Image-text web data
★ ★ ★ ★

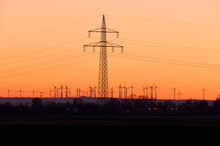 Electricity Pylons And Wind Turbines In Countryside At Sunset; Biebesheim Am Rhein, Hesse, Germany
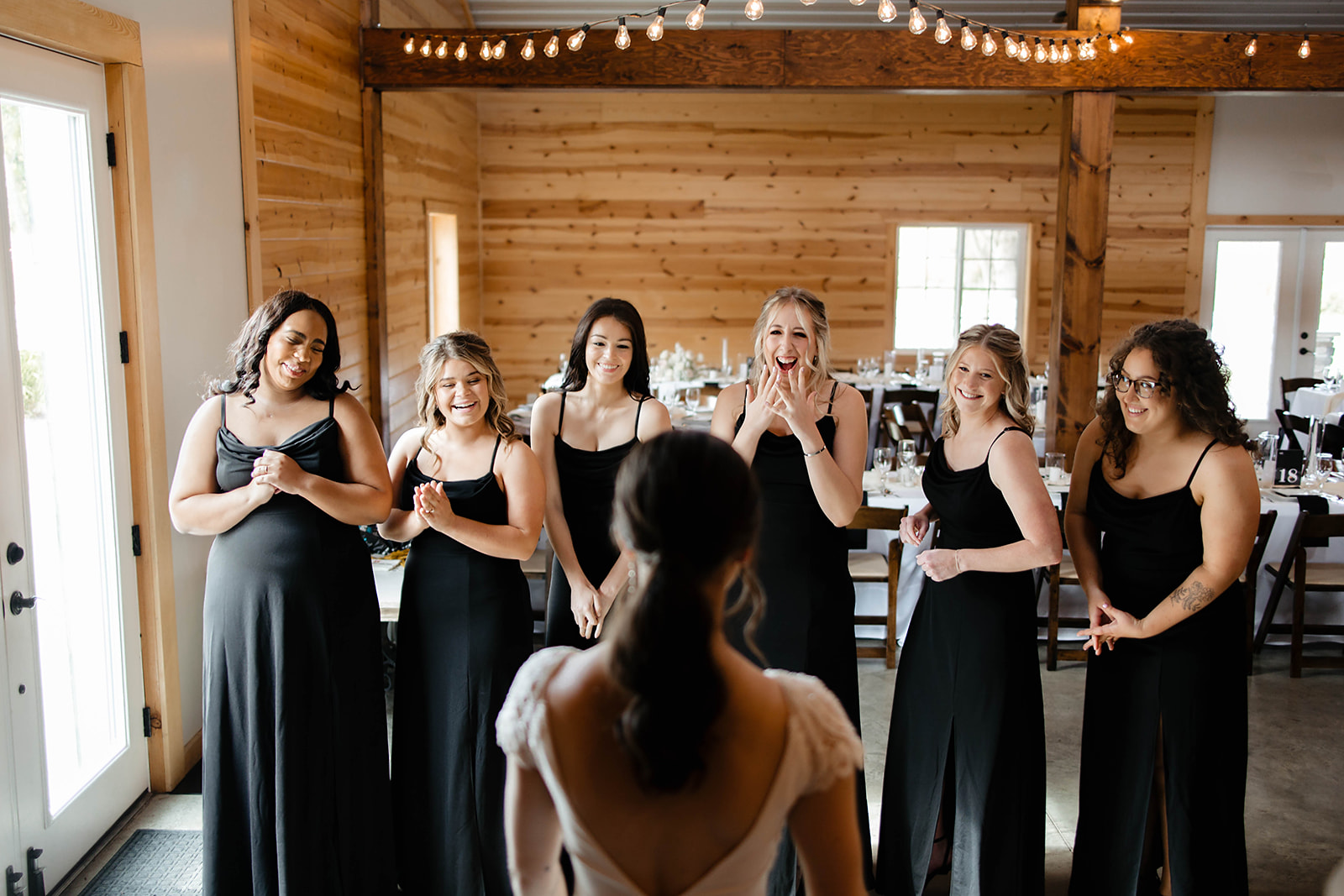 bride revealing her dress to her bridesmaids | detroit wedding photographer
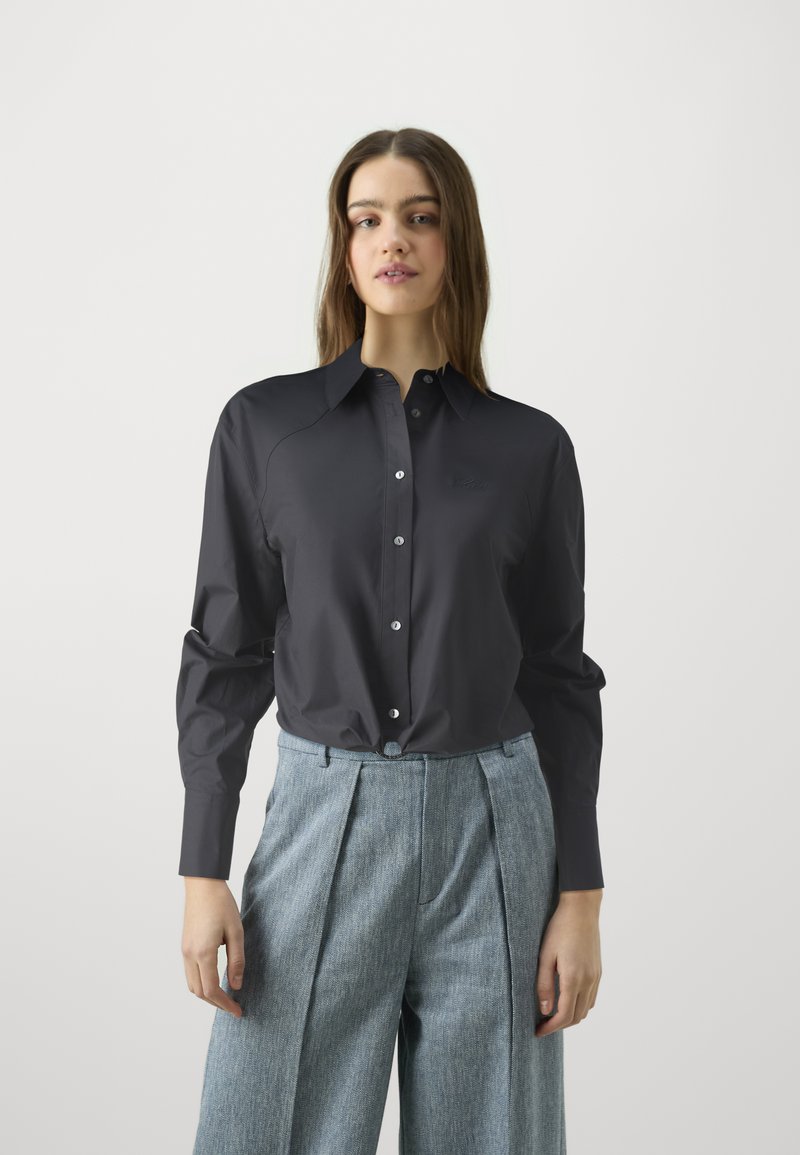 Σκούρο μπλε πουκάμισο με γιακά, μακριά μανίκια και κομψό σχεδιασμό. Διαθέτει έναν διακριτικό λογότυπο και λεπτομέρεια στη σφιχτή μέση.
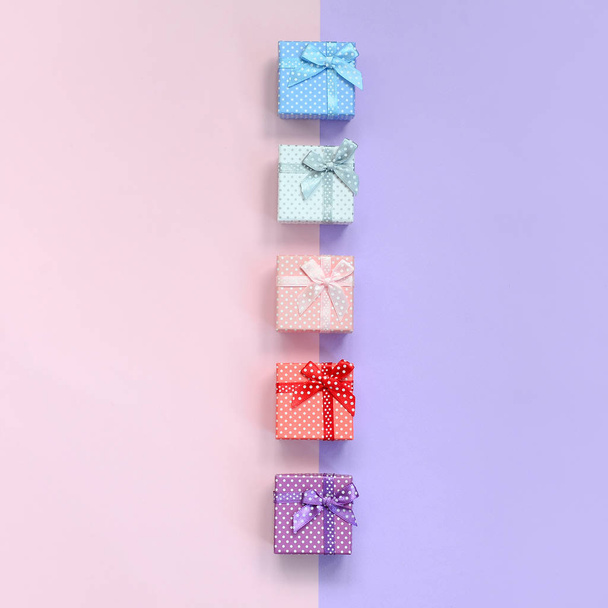 Pequeñas cajas de regalo de diferentes colores con cintas se encuentra en un fondo de color violeta y rosa
. - Foto, imagen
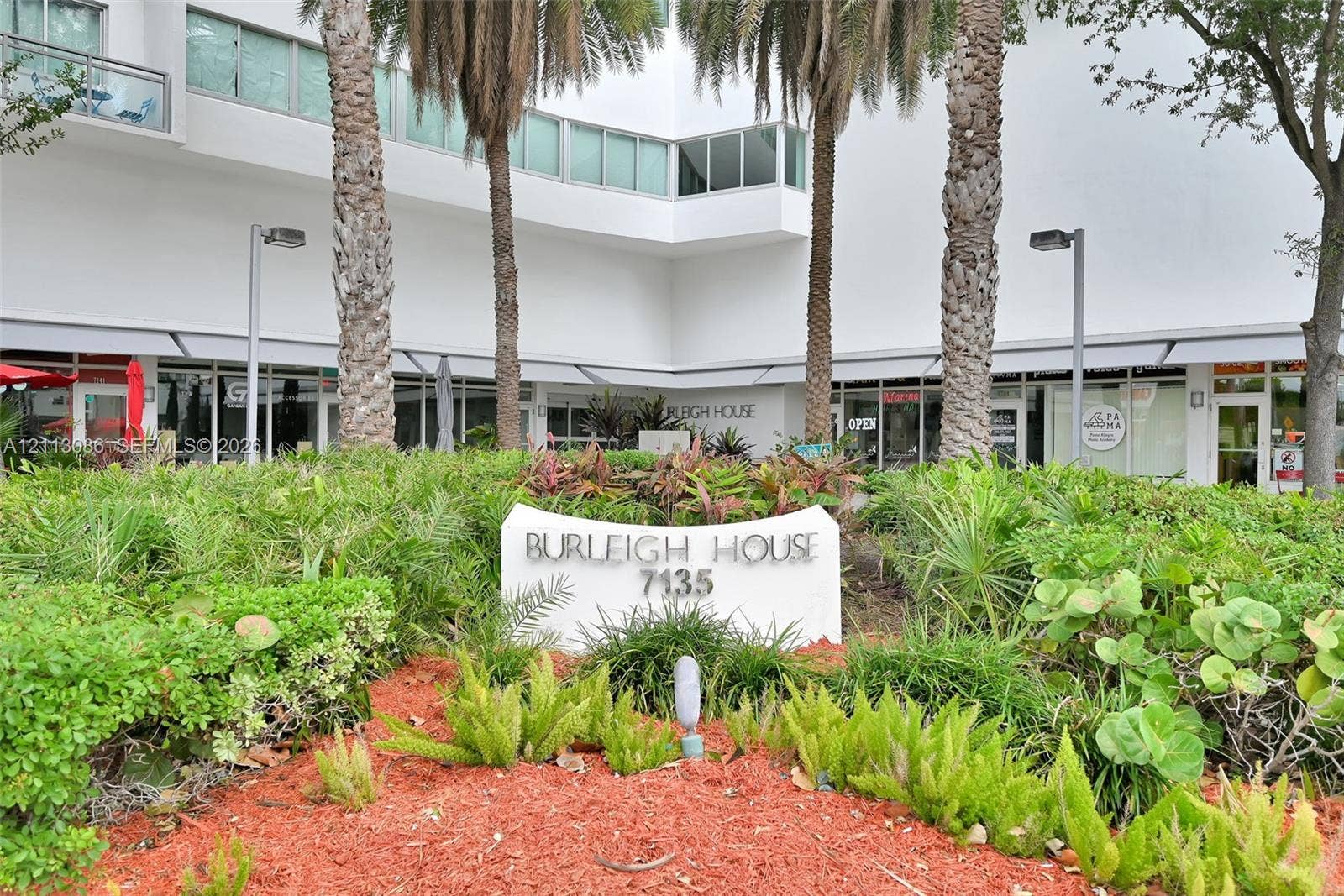 7135 Collins Avenue, #1632, Miami Beach, FL 33141 Exterior grounds featuring mature palm trees, tiered tropical landscaping, integrated signage, and architectural masonry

★ ★ ★ ★

Aim of the task: Would you restate word for word only the lines from the line with "- Foto, imagen" to the last line above, with the pictures left out?

Task output:
. - Foto, imagen
 7135 Collins Avenue, #1632, Miami Beach, FL 33141 Exterior grounds featuring mature palm trees, tiered tropical landscaping, integrated signage, and architectural masonry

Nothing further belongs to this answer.